Bon Appétit is a 2010 romantic drama film directed by David Pinillos and written by Juan Carlos Rubio, David Pinillos, and Paco Cabezas. The story is based on a young Spanish chef working at a prestigious restaurant in Zürich, Switzerland. He falls in love with a work-partner but she is in love with their boss. The film features Unax Ugalde and Nora Tschirner.

==Plot==
Daniel (Unax Ugalde) is a young and ambitious Spanish chef who just realized his dream: working at a famous restaurant managed by star chef Thomas Wackerle (Herbert Knaup). Due to his extraordinary talent, Daniel soon progresses in Wackerle's demanding kitchen. He is attracted to Hanna (Nora Tschirner), the attractive sommelier of the restaurant.

One evening, Daniel and Hanna are walking in the city, talking about life, love, and relationships. Daniel expresses his opinion that love is not at all like a romantic movie. After saying this, Hanna kisses Daniel. This unexpected situation provides a turning point in Daniel's tidy and organized life. He faces a difficult question: Is it worth risking his professional career for love?

Bon Appétit is a film telling the story of friends who dare to cross the thin line dividing friendship and romantic love. The film talks about conventional people and includes scenes shot in some of the most picturesque places of Zürich.

==Production==
Bon Appétit is the first film directed by David Pinillos. Producer Pedro Uriol said that he and Pinillos are friends who have known each other for many years. Pinillos had worked as a film editor, but not as a director, but according to Uriol, he had the most important qualities in a director: sensitivity and technique.

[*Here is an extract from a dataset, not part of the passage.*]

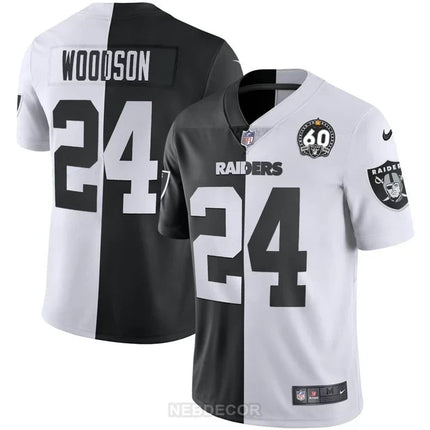 MEN'S RAIDERS 60TH SEASON PATCH GOLD & SPLIT JERSEY - ALL STITCHED LVRAI_KDZ - KINDOZY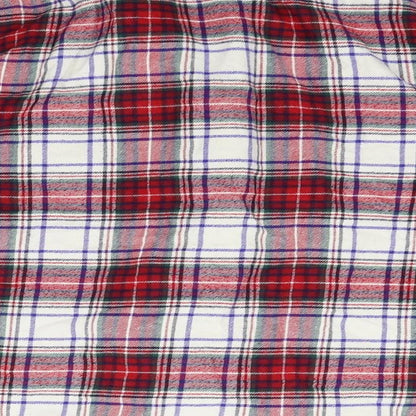 Marks and Spencer Womens Red Check  Basic Button-Up Size 12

The screenplay was written by David Pinillos, Juan Carlos Rubio and Paco Cabezas.

Pinillos had worked with important directors like editing worker like Álex de la Iglesia or Daniel Sánchez Arévalo. Pinillos wanted to tell a story about that "thin red line" that divides love and friendship and that everyone has occasionally, and how that crossing changes and complicates life. Both Pinillos and Uriol wanted a protagonist who goes to another country because that suggests a new beginning. According to Pinillos and Uriol, it is curious how a person can find it easier to open one's heart to strangers than to family or friends. Pinillos said that Bon Appétit is inspired by the American film Before Sunrise by Richard Linklater and the French film L'Auberge espagnole by Cédric Klapisch. (Note: Production notes)

Morena Films, the studio, is got used to work in European spheres and the producer likes to work with international co-producers. Bon Appétit found other studios for European market: Morena Films from Spain, Zodiac Pictures from Switzerland and Egoli Tossell from Germany. (Note: Director's commentary)

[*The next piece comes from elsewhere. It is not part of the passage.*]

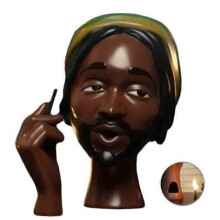 (C) Stylish Head Incense Burner Black Woman - New Arrival on Amazon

Thanks for studios and other producer companies like Beta Films (distributor of The Lives of Others), Pixstar, Italian producer and television and European financing programmes by EURIMAGES and MEDIA was possible to realise Bon Appétit in Spanish, Swiss and German cinemas with a 2.8 million euros in budget. In Spain, channel television implied were ETB and TVE. (Note: Making-off)

Like there are actors from many European countries, the film was shot in English although there are parts in Spanish, French, and German languages.

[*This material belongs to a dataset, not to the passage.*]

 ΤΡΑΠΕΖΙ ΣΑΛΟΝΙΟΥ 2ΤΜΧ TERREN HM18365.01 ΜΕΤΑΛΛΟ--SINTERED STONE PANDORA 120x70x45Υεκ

==Critical response and distribution==
Bon Appétit has positive reviews in Spain, Switzerland, and also Germany. The film had its premiere at the Malaga Film Festival in April 2010 with a positive reaction from the Spanish critics. At the festival Unax Ugalde won the award for Best Actor in a Leading Role. In October, the film was in the Valladolid Film Festival. In cinema magazines, Bon Appétit has 7,3/10 with a good results. In addition, Bon Appétit won Goya Award for Best New Director for Pinillos.

The film screened at the Rio de Janeiro International Film Festival meeting positive reviews and critical acclaim, as well as at Toulouse Cinespaña, and the Stony Brook Film Festival.

Bon Appétit was released in Spain on 12 November 2010. It was released in Germany and Switzerland on 25 November 2010.